Solved 11.0 ZFS panic on boot

wayne47 · Dec 28, 2016

Recently I installed an 11.0 server with two drives and chose the install option that mirrored them using ZFS. The machine ran fine in the colo rack for a few weeks, then became unresponsive.

Ran fine for a few weeks sitting in the rack, then became unresponsive. Plugging in a console showed it was in a panic / boot loop due to ZFS.

Would like suggestions on what is wrong that caused this problem as well as how to proceed to recover from it.

I took a picture of the console screen, attached.

aribi · Dec 30, 2016

Panic occurs when "trying to mount root"

I would suggest booting from install media and then got to shell. From shell try to find the zpool:

Code:

# zpool import

Should hopefully show something like "zj6". If so, try to import (beware not to remount / !):

Code:

# zpool import -R /mnt zj6

If this works, then export the zpool:

Code:

# zpool export zj6

and reboot from the disks.
One possible cause is that recovering from such an error requires more stack space then the boot environment gives you. I've seen this in 32bit boot environments. When running the installer CD the kernel has finished booting and has much more space to resolve zfs problems.

wayne47 · Dec 30, 2016

No luck. I booted from 11.0 AMD, and got the following results:

aribi · Dec 30, 2016

So this points to on disk data corruption. I see 2 hurdles to jump. Some of this is mentioned in Thread 44949
First you need to get around the zfs_panic_recover call.
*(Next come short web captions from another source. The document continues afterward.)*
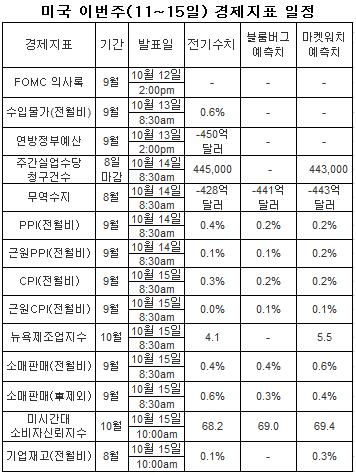 이번주 뉴욕증시, 3분기 어닝시즌에 본격 돌입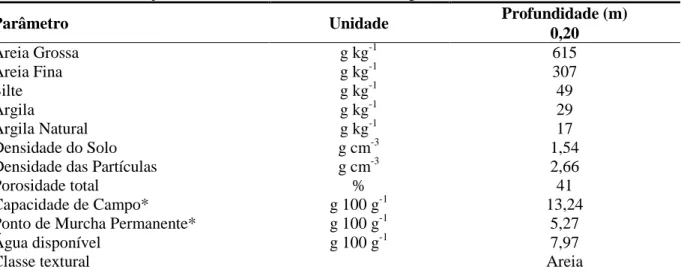 Tabela 1. Caracterização físico-hídrica do solo da área experimental. Crateús – CE, 2008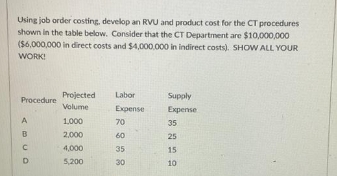 Using job order costing, develop an RVU and product cost for the CT procedures
shown in the table below. Consider that the CT Department are $10,000,000
($6,000,000 in direct costs and $4,000,000 in indirect costs). SHOW ALL YOUR
WORK!
Procedure
ABCD
Projected
Volume
1,000
2,000
4,000
5,200
Labor
Expense
2838
70
60
35
30
Supply
Expense
35 35 15 0
25
10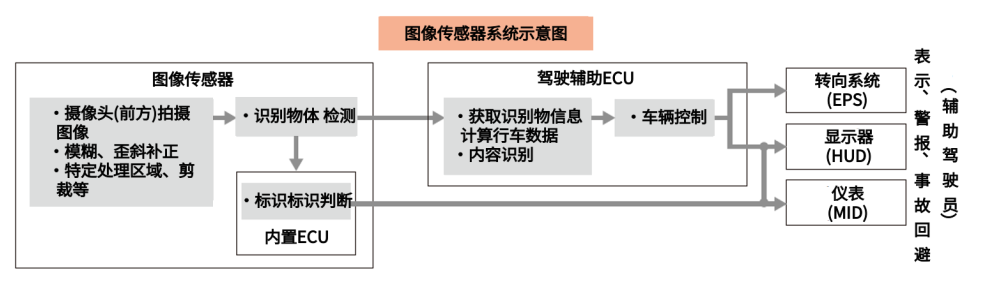 自动驾驶需要的所有传感器(图7)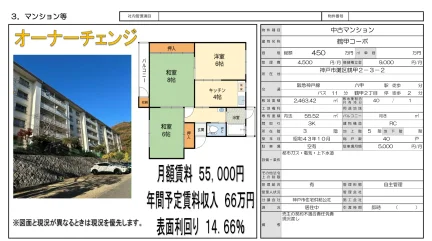 鶴甲コーポ 3号 0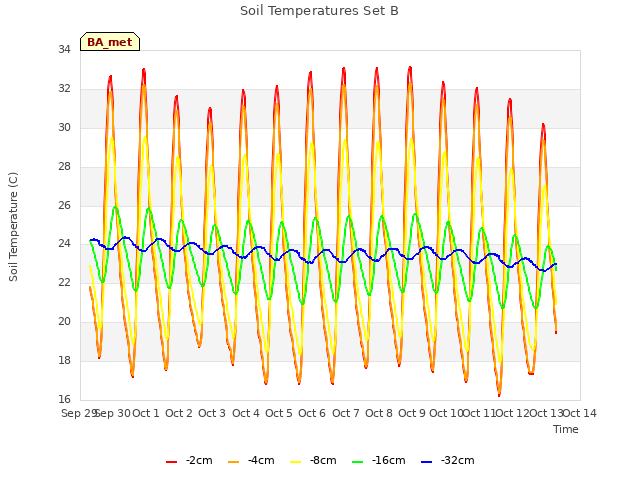 plot of Soil Temperatures Set B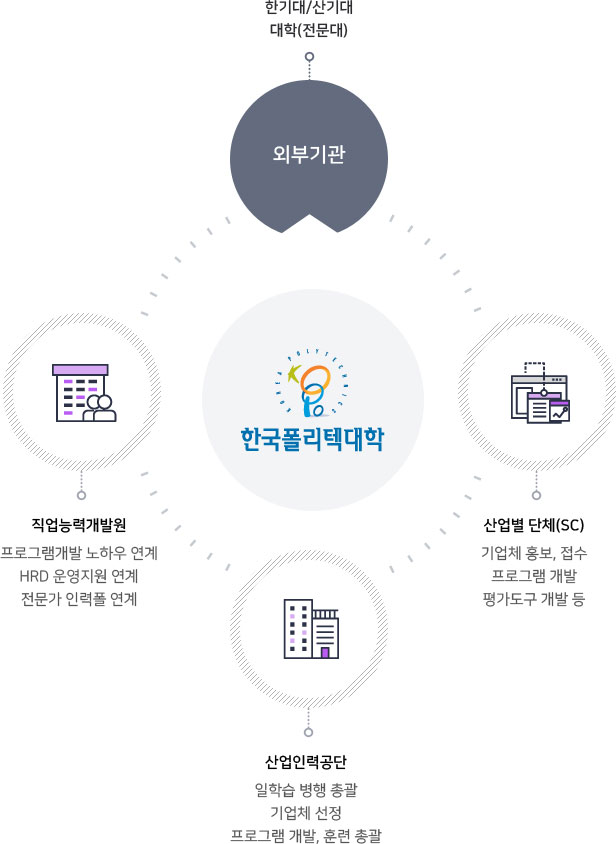 훈련과정(프로그램) 개발 기관별 역할에 대한 이미지 자세한 내용은 하단참조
For this I suggest setting the tunable vfs.zfs.recover to 1 - and while you're at it set vfs.zfs.debug too.
When booting from install, entering shell, the command is

Code:

# sysctl vfs.zfs.recover=1
vfs.zfs.recover: 0 -> 1
# sysctl vfs.zfs.debug=1
vfs.zfs.debug: 0 -> 1

With the earlier panic disabled, try to dryrun-import the pool in recovery mode:

Code:

# zpool import -fFn -R /mnt -o failmode=continue zj6

see zpool(8) for option F (Recovery), n (dry-run, dont do, just test) and failmode.
For repairing data corruption there is also a command to clear the on-disk zfs logs. By issuing this you will loose the last couple of transactions on your pool.

Code:

# zpool clear -Fn zj6

Based on the result you will need to make decision to go for real on the above commands (leaving out the n option). This involves weighing the value of any data that is supposed to be in the pool.

Legal Notice:
To operate safely it is possible to simply copy the disks over to another storage location. Something along the lines of:

Code:

# dd if=/dev/ada0p3 bs=1048576 | ssh remoteuser@remote.storage.location dd bs=1048576 of=ada0p3.safeimage

Do this for both disks and wait for someone smarter then me to give you better advice

wayne47 · Dec 30, 2016

Progress. I can live with losing the data. I have grave concerns about how the pool got corrupted.

Code:

# zpool import -fFn -R /mnt -o failmode=continue zj6

complained with "failed to create mountpoints"

Code:

# zpool clear -Fn zj6

complained "no such pool"
So I ran the first command without -n and saw a lot of problems:

but then the second command ran quietly.

Rebooted to single user mode did a

Code:

zfs mount -a

and things looks OK. Rebooted to multiuser mode, got to the point where my jails are mounted then got another panic (the panic was in dva_get_dsize_nc) :

As I mentioned above, I can live with losing this pool but the cause of the corruption worries me greatly. I could easily recreate the pool and put the file systems back from backups but what can I do to prevent recurrance?

gkontos · Jan 1, 2017

Hard one. It looks like a hardware failure. I would start by checking the RAM and then move on the the controller. Can you describe what type of hardware you are using?

wayne47 · Jan 1, 2017

It's an Asus server. I read your response and said "Well, it can't be the RAM since I ran Memtest on it about a month ago". For the sake of completeness though, I ran it again and got errors. Thank you! I would not have tried that without another perspective.
Replacement RAM in the box right now, running Memtest again. Will just reformat and reinstall. Gives me a chance to test recovery from backups.

gofer_touch · Jan 1, 2017

Hmm. Would you mind posting the exact board and RAM type? I have a feeling this might be useful to others.

gkontos · Jan 2, 2017

wayne47 said:
It's an Asus server. I read your response and said "Well, it can't be the RAM since I ran Memtest on it about a month ago". For the sake of completeness though, I ran it again and got errors. Thank you! I would not have tried that without another perspective.
Replacement RAM in the box right now, running Memtest again. Will just reformat and reinstall. Gives me a chance to test recovery from backups.

If the RAM is ECC then your data should be fine. It would be worth booting with the new RAM and run a scrub, assuming you can boot!

wayne47 · Jan 3, 2017

Motherboard is a P5MT-R (RAID disabled).
RAM is labeled DDRII 128X4(2) P667 2GAUM1709 which, AFAICAT, is not ECC so will be replaced.